Within hours of arriving at the land of my solo retreat, I was out of sorts and feeling stuck. Searching for clues, I flipped through pages of poetry and found the somber piece “To the Stone-cutters” (entire work can be read here). My journal entry begins by quoting the last line. One that seems even more relevant now as I try to glean some nectar from the words I wrote during that expansive time.
Here’s an excerpt from day one, as I began to unravel in that coastal dwelling.
“The honey of peace in old poems…” Robinson Jeffers
‘Dance Church’ is next door and the bass is pumping. I know that I love to dance but there are reasons I am here, not there: jet lag, no sleep, bloodshot eyes, bad music, closed circuits, just don’t feel like it.
I peek in the window and be the voyeur that watches but doesn’t want to take the plunge. Sixty happy people move and jump in a mass of ecstatic wildness. A man exits, sees my indecision and encourages me to go inside. I tell him that I am just too tired.
“I was too, but it woke me up…”
Eventually, I enter. Somewhere around the Van Halen song, “Jump”, (that’s right, ‘go ahead and jump!’) I’m telling myself that I just can’t dance to this. But then I try it anyway. David Lee Roth’s mantra segues into something more palatable and I’m soon a member of the congregation, dancing my own kind of freedom.
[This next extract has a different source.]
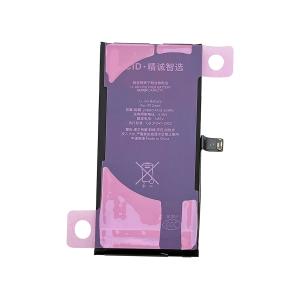 BATERIA PARA IPHONE 12 MINI (JCID) AUTODIAGNOSTICABLE 2ND GEN AUMENTO 2460mAh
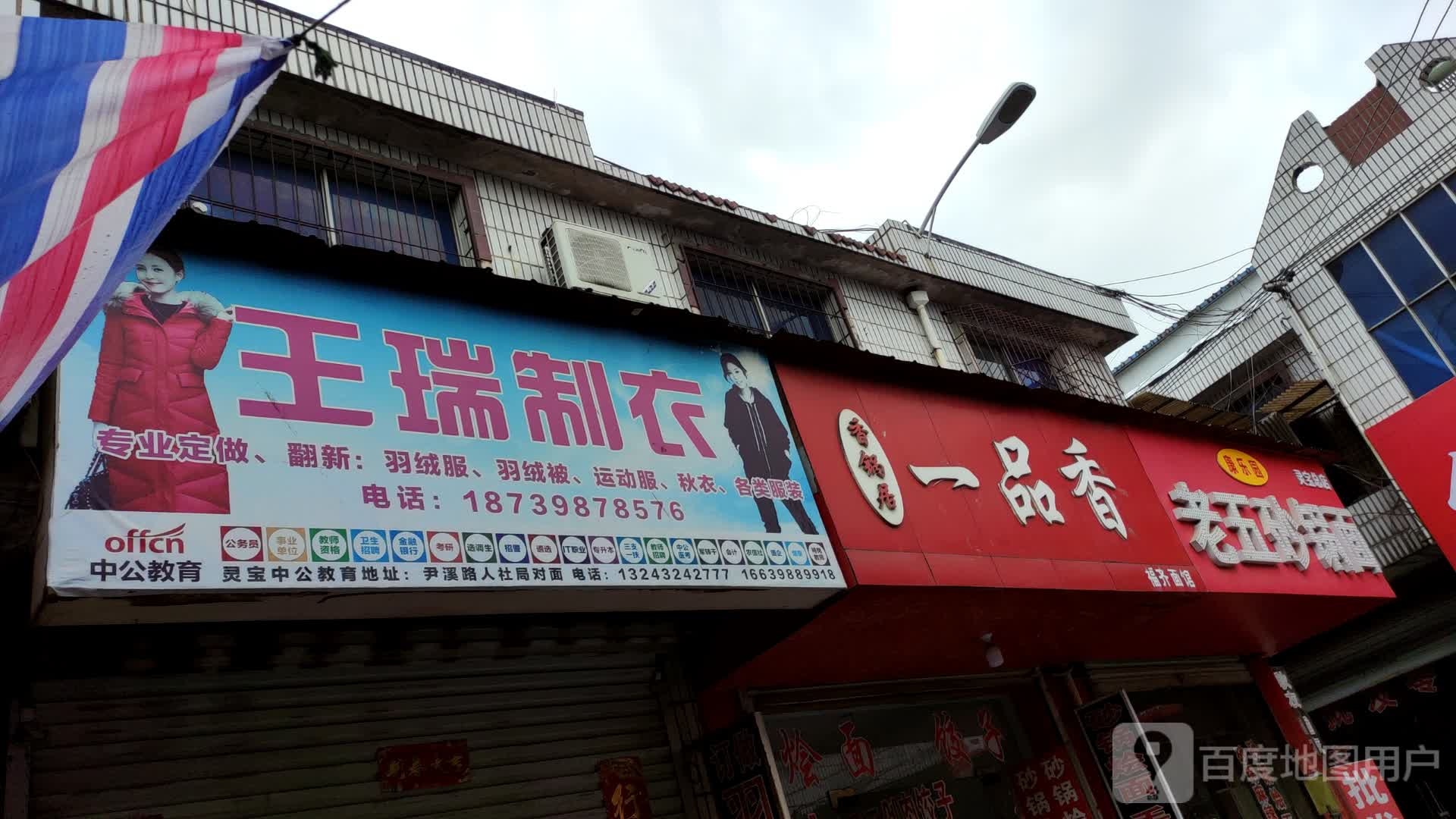 香锅居一品香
My state is altered, my body enlivened and I get so into it that when Dance Church is over and it’s time for dinner, I can barely eat.
Later I’m in the hot springs on a new moon in the starlight. A bath with myself and two women – silent. After a long while one begins to gently sing: “When I am in the light of my soul I am home.”
She sings this line quietly for a short time then slowly exits the bath. More silence, warm water and calm.”
Ahh…the honey of peace in old poems.